## Task details
For the material that follows, return exactly the lines from the one with "Mercedes 280se oldtimer" through the one with "Lot 129 - A", both ends included.

## Provided information

┄┄┄┄┄┄┄┄┄┄

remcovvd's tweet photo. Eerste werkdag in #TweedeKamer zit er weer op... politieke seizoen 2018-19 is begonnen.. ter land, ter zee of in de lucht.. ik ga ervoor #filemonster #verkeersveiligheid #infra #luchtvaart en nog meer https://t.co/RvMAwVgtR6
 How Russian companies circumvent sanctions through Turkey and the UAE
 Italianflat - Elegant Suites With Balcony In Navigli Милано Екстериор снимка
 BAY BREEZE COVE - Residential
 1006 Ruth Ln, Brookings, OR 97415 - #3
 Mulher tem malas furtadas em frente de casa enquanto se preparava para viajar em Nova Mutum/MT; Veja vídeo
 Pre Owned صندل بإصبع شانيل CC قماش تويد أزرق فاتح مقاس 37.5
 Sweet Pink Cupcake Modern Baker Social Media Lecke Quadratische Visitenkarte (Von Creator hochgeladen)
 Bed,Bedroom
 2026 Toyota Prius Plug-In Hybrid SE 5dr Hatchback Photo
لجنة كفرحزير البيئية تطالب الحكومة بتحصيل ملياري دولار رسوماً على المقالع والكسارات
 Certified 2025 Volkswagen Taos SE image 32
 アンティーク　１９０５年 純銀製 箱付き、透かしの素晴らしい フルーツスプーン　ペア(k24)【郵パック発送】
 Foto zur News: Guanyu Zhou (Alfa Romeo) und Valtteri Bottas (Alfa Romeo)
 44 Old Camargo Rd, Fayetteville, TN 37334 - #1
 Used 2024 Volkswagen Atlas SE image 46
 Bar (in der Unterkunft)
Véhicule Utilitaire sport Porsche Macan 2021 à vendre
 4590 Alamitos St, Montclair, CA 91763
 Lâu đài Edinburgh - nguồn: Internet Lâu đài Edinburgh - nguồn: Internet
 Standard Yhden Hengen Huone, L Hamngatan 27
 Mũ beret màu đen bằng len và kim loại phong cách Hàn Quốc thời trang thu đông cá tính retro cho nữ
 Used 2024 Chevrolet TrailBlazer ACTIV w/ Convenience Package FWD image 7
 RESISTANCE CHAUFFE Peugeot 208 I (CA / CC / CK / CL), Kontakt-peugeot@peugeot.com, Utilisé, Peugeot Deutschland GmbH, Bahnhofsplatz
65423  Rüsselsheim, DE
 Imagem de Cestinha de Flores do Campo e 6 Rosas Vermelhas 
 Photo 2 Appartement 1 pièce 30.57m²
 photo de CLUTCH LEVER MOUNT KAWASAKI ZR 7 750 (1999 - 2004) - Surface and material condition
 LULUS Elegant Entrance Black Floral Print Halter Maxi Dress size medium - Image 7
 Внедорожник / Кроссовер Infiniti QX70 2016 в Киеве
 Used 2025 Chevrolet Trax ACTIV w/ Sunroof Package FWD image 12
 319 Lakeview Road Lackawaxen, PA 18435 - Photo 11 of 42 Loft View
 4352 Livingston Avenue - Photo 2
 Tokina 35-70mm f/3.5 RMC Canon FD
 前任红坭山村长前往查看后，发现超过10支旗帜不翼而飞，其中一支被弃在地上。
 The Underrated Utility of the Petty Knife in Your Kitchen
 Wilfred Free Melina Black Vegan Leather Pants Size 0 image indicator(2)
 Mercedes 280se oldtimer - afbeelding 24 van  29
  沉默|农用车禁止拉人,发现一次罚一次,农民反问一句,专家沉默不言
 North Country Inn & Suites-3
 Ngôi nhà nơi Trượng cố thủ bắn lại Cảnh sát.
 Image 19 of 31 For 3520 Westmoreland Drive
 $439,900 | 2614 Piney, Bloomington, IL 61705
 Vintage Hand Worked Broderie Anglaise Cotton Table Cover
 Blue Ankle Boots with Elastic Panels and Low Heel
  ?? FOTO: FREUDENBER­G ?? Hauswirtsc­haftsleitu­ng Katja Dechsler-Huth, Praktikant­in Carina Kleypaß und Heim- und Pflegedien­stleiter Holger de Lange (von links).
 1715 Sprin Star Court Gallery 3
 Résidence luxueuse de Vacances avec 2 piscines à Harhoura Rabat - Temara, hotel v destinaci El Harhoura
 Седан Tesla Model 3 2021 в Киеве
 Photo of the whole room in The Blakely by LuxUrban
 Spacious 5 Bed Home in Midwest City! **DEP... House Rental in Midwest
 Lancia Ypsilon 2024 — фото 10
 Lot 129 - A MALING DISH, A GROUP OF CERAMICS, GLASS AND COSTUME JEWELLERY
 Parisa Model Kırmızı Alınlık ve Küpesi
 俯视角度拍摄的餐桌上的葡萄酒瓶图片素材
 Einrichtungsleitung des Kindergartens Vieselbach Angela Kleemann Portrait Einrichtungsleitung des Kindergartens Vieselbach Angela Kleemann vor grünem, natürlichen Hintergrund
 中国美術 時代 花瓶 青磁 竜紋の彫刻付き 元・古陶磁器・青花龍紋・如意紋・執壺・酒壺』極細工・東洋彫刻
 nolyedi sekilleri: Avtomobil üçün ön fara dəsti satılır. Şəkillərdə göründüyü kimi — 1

┄┄┄┄┄┄┄┄┄┄

## Response to this task
 Mercedes 280se oldtimer - afbeelding 24 van  29
  沉默|农用车禁止拉人,发现一次罚一次,农民反问一句,专家沉默不言
 North Country Inn & Suites-3
 Ngôi nhà nơi Trượng cố thủ bắn lại Cảnh sát.
 Image 19 of 31 For 3520 Westmoreland Drive
 $439,900 | 2614 Piney, Bloomington, IL 61705
 Vintage Hand Worked Broderie Anglaise Cotton Table Cover
 Blue Ankle Boots with Elastic Panels and Low Heel
  ?? FOTO: FREUDENBER­G ?? Hauswirtsc­haftsleitu­ng Katja Dechsler-Huth, Praktikant­in Carina Kleypaß und Heim- und Pflegedien­stleiter Holger de Lange (von links).
 1715 Sprin Star Court Gallery 3
 Résidence luxueuse de Vacances avec 2 piscines à Harhoura Rabat - Temara, hotel v destinaci El Harhoura
 Седан Tesla Model 3 2021 в Киеве
 Photo of the whole room in The Blakely by LuxUrban
 Spacious 5 Bed Home in Midwest City! **DEP... House Rental in Midwest
 Lancia Ypsilon 2024 — фото 10
 Lot 129 - A MALING DISH, A GROUP OF CERAMICS, GLASS AND COSTUME JEWELLERY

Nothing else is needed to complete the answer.